What is needed
Your task is to repeat exactly the lines below between the line holding "People at a" and the line holding "Minecraft Time To", inclusive, and only those.

*** Block opens ***

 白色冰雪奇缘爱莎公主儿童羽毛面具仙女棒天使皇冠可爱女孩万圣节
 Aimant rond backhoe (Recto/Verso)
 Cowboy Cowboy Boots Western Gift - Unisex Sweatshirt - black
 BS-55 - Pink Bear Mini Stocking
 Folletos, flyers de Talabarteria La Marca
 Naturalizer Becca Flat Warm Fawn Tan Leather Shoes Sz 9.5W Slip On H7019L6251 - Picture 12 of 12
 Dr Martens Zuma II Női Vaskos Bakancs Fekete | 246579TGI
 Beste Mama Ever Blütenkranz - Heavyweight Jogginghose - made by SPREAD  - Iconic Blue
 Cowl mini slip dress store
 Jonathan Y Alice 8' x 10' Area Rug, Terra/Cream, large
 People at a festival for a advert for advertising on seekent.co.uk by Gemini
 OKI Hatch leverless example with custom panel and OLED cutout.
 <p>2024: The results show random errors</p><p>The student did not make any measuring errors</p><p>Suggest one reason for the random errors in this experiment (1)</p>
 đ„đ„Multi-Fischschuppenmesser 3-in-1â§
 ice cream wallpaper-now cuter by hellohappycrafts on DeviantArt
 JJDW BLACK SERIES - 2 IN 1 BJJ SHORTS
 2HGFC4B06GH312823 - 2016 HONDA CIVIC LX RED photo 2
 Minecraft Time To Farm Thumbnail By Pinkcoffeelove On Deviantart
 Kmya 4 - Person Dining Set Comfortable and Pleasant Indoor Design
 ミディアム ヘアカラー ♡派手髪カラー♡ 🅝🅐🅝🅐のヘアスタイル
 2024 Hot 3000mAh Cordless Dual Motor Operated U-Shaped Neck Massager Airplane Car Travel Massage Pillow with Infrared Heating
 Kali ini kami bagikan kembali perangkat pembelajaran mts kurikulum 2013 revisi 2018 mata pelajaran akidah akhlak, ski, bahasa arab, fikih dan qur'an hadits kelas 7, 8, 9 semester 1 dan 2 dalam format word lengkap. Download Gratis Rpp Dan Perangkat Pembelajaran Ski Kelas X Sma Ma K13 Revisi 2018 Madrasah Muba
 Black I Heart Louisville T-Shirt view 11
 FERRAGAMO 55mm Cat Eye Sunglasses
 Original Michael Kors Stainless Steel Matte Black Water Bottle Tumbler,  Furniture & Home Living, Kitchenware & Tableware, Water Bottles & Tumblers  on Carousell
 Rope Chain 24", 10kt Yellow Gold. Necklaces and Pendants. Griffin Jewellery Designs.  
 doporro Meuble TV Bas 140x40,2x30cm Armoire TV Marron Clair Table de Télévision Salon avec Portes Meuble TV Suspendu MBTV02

*** Block closes ***

Task solution
 People at a festival for a advert for advertising on seekent.co.uk by Gemini
 OKI Hatch leverless example with custom panel and OLED cutout.
 <p>2024: The results show random errors</p><p>The student did not make any measuring errors</p><p>Suggest one reason for the random errors in this experiment (1)</p>
 đ„đ„Multi-Fischschuppenmesser 3-in-1â§
 ice cream wallpaper-now cuter by hellohappycrafts on DeviantArt
 JJDW BLACK SERIES - 2 IN 1 BJJ SHORTS
 2HGFC4B06GH312823 - 2016 HONDA CIVIC LX RED photo 2
 Minecraft Time To Farm Thumbnail By Pinkcoffeelove On Deviantart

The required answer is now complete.